Copy every line below precisely, leaving nothing out.

+++ DATASET RECORDS +++

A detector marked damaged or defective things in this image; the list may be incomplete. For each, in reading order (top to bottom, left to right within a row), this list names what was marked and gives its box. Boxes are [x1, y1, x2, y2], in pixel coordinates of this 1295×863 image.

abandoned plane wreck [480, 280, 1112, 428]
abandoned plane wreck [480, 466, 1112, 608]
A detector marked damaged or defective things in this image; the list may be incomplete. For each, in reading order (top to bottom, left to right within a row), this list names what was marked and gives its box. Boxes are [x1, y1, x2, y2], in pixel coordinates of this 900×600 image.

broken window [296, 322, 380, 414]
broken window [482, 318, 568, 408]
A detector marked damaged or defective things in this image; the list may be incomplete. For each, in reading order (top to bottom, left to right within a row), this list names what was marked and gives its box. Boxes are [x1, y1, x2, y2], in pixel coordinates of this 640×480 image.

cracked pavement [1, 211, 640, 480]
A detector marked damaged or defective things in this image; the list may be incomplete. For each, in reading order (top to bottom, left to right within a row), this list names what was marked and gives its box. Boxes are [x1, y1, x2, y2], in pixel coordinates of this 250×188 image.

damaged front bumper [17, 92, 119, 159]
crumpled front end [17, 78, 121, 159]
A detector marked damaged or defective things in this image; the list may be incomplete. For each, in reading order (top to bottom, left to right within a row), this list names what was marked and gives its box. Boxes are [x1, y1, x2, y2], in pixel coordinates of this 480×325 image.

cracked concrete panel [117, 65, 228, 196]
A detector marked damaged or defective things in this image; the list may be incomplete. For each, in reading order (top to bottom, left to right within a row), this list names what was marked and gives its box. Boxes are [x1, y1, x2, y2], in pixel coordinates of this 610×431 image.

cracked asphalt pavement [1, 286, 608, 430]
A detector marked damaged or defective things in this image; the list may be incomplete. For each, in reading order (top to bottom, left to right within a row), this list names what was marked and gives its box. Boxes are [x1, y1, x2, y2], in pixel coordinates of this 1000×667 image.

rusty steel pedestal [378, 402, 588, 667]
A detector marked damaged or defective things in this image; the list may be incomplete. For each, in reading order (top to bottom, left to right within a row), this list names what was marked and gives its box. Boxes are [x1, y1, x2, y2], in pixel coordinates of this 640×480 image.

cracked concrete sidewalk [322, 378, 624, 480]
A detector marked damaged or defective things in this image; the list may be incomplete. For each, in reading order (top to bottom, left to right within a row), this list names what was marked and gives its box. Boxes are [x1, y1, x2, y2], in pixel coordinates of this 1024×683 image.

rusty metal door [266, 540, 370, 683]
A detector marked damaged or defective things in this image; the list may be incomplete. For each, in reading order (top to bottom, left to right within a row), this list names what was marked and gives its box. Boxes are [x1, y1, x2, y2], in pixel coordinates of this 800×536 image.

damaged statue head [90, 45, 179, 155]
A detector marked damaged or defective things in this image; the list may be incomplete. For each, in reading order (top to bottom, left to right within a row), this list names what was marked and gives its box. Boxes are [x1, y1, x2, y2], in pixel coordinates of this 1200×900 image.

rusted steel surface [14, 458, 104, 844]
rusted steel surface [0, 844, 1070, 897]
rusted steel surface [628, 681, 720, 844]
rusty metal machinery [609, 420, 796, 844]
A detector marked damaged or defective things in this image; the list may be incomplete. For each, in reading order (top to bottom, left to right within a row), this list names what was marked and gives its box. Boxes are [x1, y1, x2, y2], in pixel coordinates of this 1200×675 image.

+++

**WRITTEN ANSWER:**
A detector marked damaged or defective things in this image; the list may be incomplete. For each, in reading order (top to bottom, left to right within a row), this list names what was marked and gives its box. Boxes are [x1, y1, x2, y2], in pixel coordinates of this 1295×863 image.

abandoned plane wreck [480, 280, 1112, 428]
abandoned plane wreck [480, 466, 1112, 608]
A detector marked damaged or defective things in this image; the list may be incomplete. For each, in reading order (top to bottom, left to right within a row), this list names what was marked and gives its box. Boxes are [x1, y1, x2, y2], in pixel coordinates of this 900×600 image.

broken window [296, 322, 380, 414]
broken window [482, 318, 568, 408]
A detector marked damaged or defective things in this image; the list may be incomplete. For each, in reading order (top to bottom, left to right within a row), this list names what was marked and gives its box. Boxes are [x1, y1, x2, y2], in pixel coordinates of this 640×480 image.

cracked pavement [1, 211, 640, 480]
A detector marked damaged or defective things in this image; the list may be incomplete. For each, in reading order (top to bottom, left to right within a row), this list names what was marked and gives its box. Boxes are [x1, y1, x2, y2], in pixel coordinates of this 250×188 image.

damaged front bumper [17, 92, 119, 159]
crumpled front end [17, 78, 121, 159]
A detector marked damaged or defective things in this image; the list may be incomplete. For each, in reading order (top to bottom, left to right within a row), this list names what was marked and gives its box. Boxes are [x1, y1, x2, y2], in pixel coordinates of this 480×325 image.

cracked concrete panel [117, 65, 228, 196]
A detector marked damaged or defective things in this image; the list may be incomplete. For each, in reading order (top to bottom, left to right within a row), this list names what was marked and gives its box. Boxes are [x1, y1, x2, y2], in pixel coordinates of this 610×431 image.

cracked asphalt pavement [1, 286, 608, 430]
A detector marked damaged or defective things in this image; the list may be incomplete. For each, in reading order (top to bottom, left to right within a row), this list names what was marked and gives its box. Boxes are [x1, y1, x2, y2], in pixel coordinates of this 1000×667 image.

rusty steel pedestal [378, 402, 588, 667]
A detector marked damaged or defective things in this image; the list may be incomplete. For each, in reading order (top to bottom, left to right within a row), this list names what was marked and gives its box. Boxes are [x1, y1, x2, y2], in pixel coordinates of this 640×480 image.

cracked concrete sidewalk [322, 378, 624, 480]
A detector marked damaged or defective things in this image; the list may be incomplete. For each, in reading order (top to bottom, left to right within a row), this list names what was marked and gives its box. Boxes are [x1, y1, x2, y2], in pixel coordinates of this 1024×683 image.

rusty metal door [266, 540, 370, 683]
A detector marked damaged or defective things in this image; the list may be incomplete. For each, in reading order (top to bottom, left to right within a row), this list names what was marked and gives its box. Boxes are [x1, y1, x2, y2], in pixel coordinates of this 800×536 image.

damaged statue head [90, 45, 179, 155]
A detector marked damaged or defective things in this image; the list may be incomplete. For each, in reading order (top to bottom, left to right within a row), this list names what was marked and gives its box. Boxes are [x1, y1, x2, y2], in pixel coordinates of this 1200×900 image.

rusted steel surface [14, 458, 104, 844]
rusted steel surface [0, 844, 1070, 897]
rusted steel surface [628, 681, 720, 844]
rusty metal machinery [609, 420, 796, 844]
A detector marked damaged or defective things in this image; the list may be incomplete. For each, in reading order (top to bottom, left to right within a row), this list names what was marked and gives its box. Boxes are [x1, y1, x2, y2], in pixel coordinates of this 1200×675 image.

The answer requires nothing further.